AI Transparency will Lead to New Approaches

Original article can be found here (source): Artificial Intelligence on Medium

AI Transparency will Lead to New Approaches

Historically, the issue of transparency comes down to one issue. Once an AI system is working, developers don’t know what’s going on inside. AI essentially becomes a black box with inputs and outputs. Developers can see that outputs usually correspond correctly to inputs, but they don’t know why. Then, when some erroneous output occurs, they can’t know why that occurs either. All of that makes such a system very difficult to improve. Enter new programs which can analyze the workings of an AI to explain what’s going on. In their famous 2016 paper “Why Should I Trust You?” Explaining the Predictions of Any Classifier,[by Marco Tulio Ribeiro, Sameer Singh, and Carlos Guestrin], the authors present some surprising results. When a husky dog was misidentified by AI as a wolf, they probed the AI and learned that the reason for the mis-categorization was the snow in the image. Many of the wolf pictures in the training set also contained snow. As a result, the authors concluded that the AI had developed a bias that pictures with snow were likely to be wolves not dogs. Ordinarily, you might think that directly probing the internals of the AI would be the way to resolve this issue, but that approach remains elusive. Instead, a program such as the open-source LIME used in this example makes small changes to the input image to see which changes alter the output.
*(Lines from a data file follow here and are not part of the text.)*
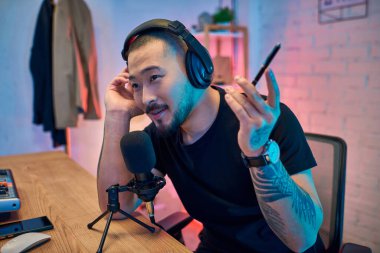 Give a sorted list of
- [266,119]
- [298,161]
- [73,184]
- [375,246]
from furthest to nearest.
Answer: [375,246]
[73,184]
[298,161]
[266,119]

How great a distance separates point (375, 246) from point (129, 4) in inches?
98.6

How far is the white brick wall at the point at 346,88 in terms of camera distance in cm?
208

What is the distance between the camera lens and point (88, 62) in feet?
8.86

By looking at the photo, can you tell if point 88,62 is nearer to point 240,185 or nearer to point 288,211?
point 240,185

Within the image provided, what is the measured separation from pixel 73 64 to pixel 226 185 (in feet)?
6.31

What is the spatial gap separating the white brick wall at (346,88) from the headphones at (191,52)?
1456 mm

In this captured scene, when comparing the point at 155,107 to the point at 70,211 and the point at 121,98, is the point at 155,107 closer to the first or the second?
the point at 121,98

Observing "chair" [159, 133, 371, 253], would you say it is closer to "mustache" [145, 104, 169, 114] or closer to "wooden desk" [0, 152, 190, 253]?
"wooden desk" [0, 152, 190, 253]

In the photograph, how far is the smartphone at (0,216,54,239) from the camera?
90 centimetres

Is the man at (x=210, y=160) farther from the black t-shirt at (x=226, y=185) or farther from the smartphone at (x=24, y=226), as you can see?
the smartphone at (x=24, y=226)

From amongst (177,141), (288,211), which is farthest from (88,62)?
(288,211)

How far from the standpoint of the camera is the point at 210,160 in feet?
3.51

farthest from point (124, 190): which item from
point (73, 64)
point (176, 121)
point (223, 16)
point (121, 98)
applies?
point (223, 16)

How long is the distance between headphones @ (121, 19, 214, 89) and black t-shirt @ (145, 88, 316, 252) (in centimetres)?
15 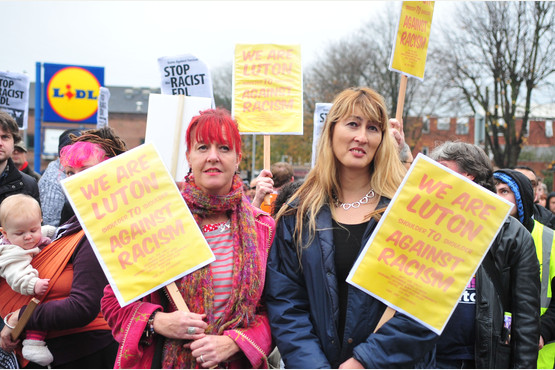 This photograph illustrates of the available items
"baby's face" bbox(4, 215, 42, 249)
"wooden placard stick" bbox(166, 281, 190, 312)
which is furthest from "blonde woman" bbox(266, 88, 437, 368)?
"baby's face" bbox(4, 215, 42, 249)

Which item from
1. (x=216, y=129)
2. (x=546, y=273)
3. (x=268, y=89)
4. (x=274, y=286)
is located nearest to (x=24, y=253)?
(x=216, y=129)

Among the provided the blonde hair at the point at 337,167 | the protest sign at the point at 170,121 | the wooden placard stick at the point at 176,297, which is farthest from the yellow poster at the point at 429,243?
the protest sign at the point at 170,121

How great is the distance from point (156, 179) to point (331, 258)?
0.93m

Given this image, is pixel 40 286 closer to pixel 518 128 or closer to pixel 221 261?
pixel 221 261

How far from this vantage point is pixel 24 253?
3018mm

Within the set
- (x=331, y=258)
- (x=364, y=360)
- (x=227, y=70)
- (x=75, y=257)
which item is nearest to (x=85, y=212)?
(x=75, y=257)

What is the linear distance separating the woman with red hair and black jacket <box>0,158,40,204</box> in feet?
6.66

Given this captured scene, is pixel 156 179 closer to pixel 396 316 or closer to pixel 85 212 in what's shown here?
pixel 85 212

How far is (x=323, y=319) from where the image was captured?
2.43m

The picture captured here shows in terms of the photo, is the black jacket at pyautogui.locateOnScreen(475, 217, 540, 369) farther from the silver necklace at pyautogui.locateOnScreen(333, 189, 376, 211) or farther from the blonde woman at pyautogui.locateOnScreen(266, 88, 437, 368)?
the silver necklace at pyautogui.locateOnScreen(333, 189, 376, 211)

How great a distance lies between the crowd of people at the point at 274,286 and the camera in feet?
7.72

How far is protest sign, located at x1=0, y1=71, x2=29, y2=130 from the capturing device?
6508mm

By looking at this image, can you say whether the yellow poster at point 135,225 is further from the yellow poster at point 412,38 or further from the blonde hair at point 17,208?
the yellow poster at point 412,38

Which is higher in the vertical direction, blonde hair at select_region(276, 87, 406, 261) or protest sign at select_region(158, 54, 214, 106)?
protest sign at select_region(158, 54, 214, 106) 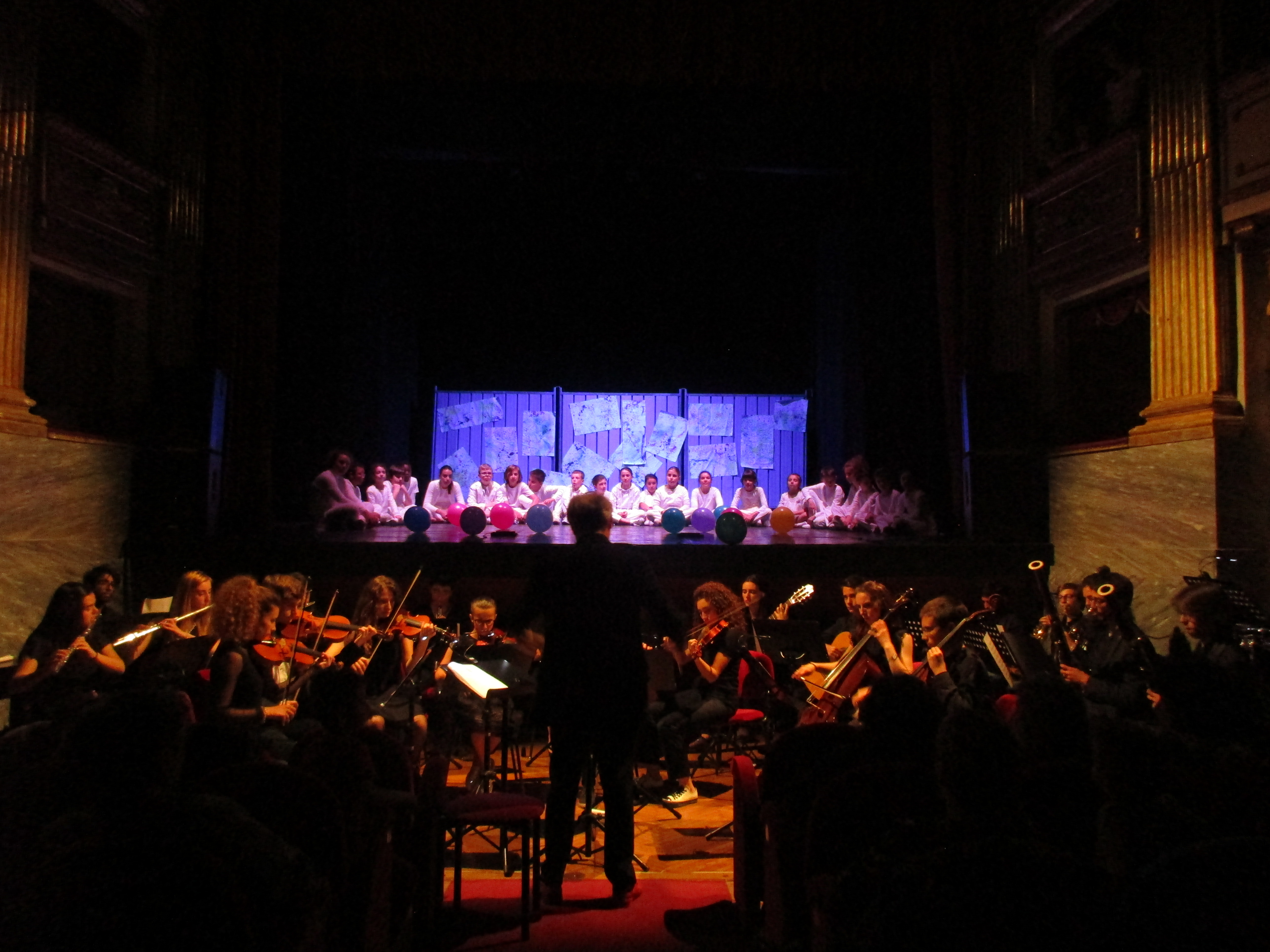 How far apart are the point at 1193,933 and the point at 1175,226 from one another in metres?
6.72

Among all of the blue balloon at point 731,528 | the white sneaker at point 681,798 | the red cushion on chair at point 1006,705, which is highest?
the blue balloon at point 731,528

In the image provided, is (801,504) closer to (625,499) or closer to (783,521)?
(783,521)

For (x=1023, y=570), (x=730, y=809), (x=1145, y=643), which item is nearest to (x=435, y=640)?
(x=730, y=809)

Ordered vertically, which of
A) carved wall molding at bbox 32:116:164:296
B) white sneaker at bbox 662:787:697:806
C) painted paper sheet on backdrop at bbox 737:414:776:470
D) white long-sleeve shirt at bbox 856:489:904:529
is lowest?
white sneaker at bbox 662:787:697:806

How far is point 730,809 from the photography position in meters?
5.09

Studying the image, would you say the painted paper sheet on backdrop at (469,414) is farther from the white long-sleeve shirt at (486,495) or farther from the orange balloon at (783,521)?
the orange balloon at (783,521)

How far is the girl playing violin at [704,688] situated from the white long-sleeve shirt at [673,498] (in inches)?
252

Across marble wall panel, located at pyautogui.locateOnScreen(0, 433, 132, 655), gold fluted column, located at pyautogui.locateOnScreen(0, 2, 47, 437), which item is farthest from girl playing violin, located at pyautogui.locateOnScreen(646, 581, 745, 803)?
gold fluted column, located at pyautogui.locateOnScreen(0, 2, 47, 437)

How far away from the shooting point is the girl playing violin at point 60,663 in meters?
4.82

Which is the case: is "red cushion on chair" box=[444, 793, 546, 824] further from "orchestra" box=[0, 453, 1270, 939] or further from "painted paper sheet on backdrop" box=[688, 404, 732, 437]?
"painted paper sheet on backdrop" box=[688, 404, 732, 437]

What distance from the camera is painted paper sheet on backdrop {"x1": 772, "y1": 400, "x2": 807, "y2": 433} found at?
13.2 meters

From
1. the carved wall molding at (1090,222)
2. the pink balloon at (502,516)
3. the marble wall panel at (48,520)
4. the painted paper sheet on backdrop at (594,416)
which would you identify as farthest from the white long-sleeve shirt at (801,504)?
the marble wall panel at (48,520)

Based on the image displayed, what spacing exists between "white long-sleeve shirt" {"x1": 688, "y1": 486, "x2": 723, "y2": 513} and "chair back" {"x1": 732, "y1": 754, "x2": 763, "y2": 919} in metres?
8.91

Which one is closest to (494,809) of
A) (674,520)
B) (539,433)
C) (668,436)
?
(674,520) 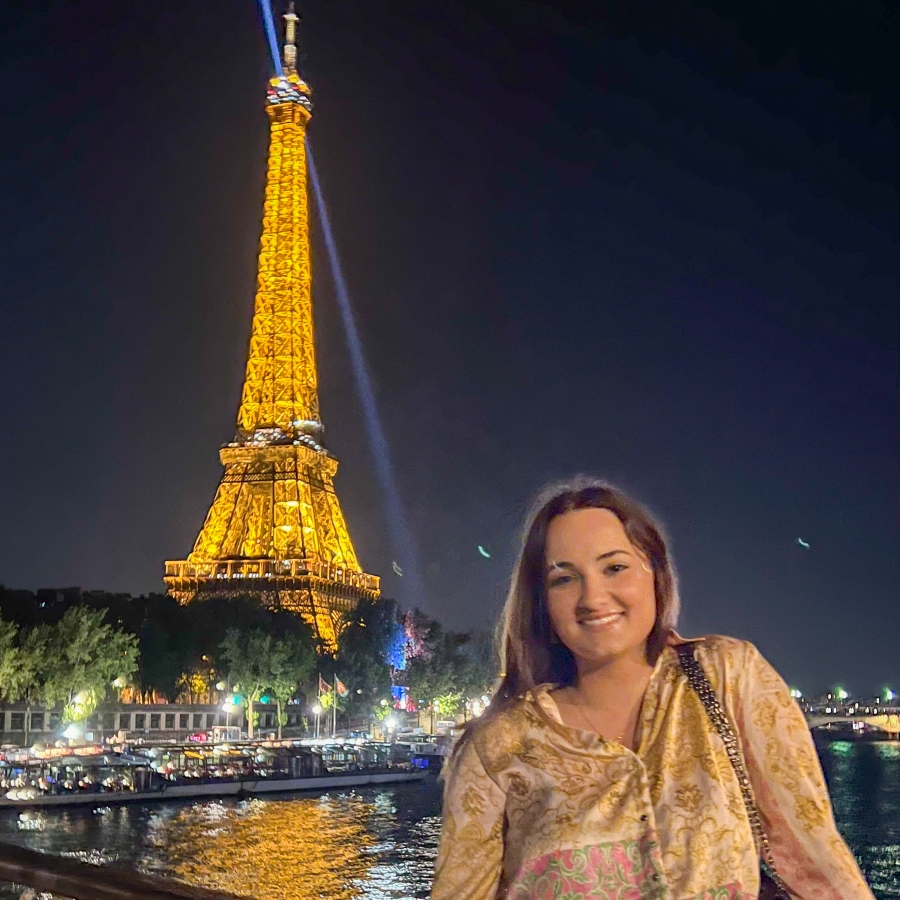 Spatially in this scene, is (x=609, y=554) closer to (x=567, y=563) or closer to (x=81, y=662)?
(x=567, y=563)

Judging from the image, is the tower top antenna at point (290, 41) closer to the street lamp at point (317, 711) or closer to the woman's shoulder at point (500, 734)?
the street lamp at point (317, 711)

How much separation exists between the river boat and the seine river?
3.31 ft

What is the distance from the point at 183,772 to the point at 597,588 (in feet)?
147

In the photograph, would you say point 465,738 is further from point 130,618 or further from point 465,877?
point 130,618

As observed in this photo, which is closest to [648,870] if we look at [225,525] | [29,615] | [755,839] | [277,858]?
[755,839]

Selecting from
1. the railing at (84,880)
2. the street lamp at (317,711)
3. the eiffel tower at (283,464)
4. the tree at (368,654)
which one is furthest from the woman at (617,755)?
the eiffel tower at (283,464)

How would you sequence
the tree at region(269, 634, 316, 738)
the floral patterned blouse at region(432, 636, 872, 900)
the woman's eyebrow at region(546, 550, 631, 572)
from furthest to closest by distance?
the tree at region(269, 634, 316, 738) < the woman's eyebrow at region(546, 550, 631, 572) < the floral patterned blouse at region(432, 636, 872, 900)

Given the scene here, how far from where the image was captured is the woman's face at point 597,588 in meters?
3.30

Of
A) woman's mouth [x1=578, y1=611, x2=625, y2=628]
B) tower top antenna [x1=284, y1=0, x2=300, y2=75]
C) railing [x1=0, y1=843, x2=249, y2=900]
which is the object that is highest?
tower top antenna [x1=284, y1=0, x2=300, y2=75]

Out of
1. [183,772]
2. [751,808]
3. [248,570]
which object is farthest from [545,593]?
[248,570]

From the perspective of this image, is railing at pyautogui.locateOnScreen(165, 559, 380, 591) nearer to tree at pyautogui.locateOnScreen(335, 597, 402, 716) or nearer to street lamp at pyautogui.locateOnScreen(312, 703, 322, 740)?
tree at pyautogui.locateOnScreen(335, 597, 402, 716)

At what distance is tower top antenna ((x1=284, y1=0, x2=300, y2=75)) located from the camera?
8344 centimetres

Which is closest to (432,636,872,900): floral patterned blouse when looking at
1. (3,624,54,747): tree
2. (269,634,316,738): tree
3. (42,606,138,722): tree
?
(3,624,54,747): tree

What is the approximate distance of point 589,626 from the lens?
10.8ft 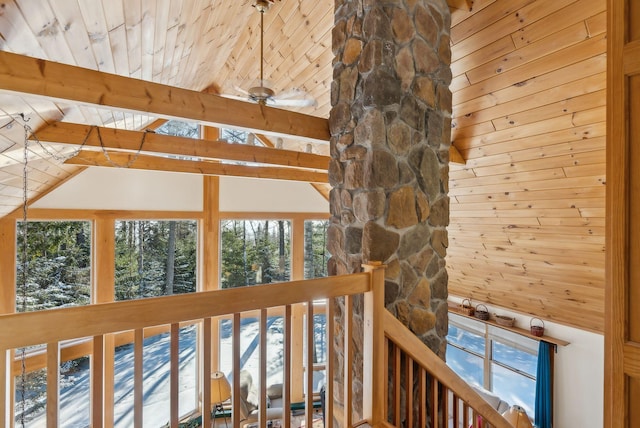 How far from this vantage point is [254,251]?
6.66 meters

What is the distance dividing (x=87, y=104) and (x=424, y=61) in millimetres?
2139

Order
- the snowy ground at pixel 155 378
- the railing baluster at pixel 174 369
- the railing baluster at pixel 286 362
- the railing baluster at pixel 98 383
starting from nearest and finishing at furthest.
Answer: the railing baluster at pixel 98 383
the railing baluster at pixel 174 369
the railing baluster at pixel 286 362
the snowy ground at pixel 155 378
Ultimately, changing areas of snow to something else changed the result, while changing areas of the dog didn’t. That leads to a conclusion that the AI’s decision must have been based on the snow. With a program like LIME, many AI professionals are learning that AIs are often making decisions for reasons we didn’t expect. Regrettably, they are not making decisions for reasons of intelligence. Given this current state of affairs, AI professionals are recognizing that today’s AI looks more and more like sophisticated statistical analysis, and less and less like actual intelligence. To get to next step on the road to genuine intelligence, consider Moravec’s paradox which can be paraphrased as: the simpler an intelligence problem seems, the more difficult it is to implement. And saying something is “so simple any three-year-old can do it” is the absolute kiss of death.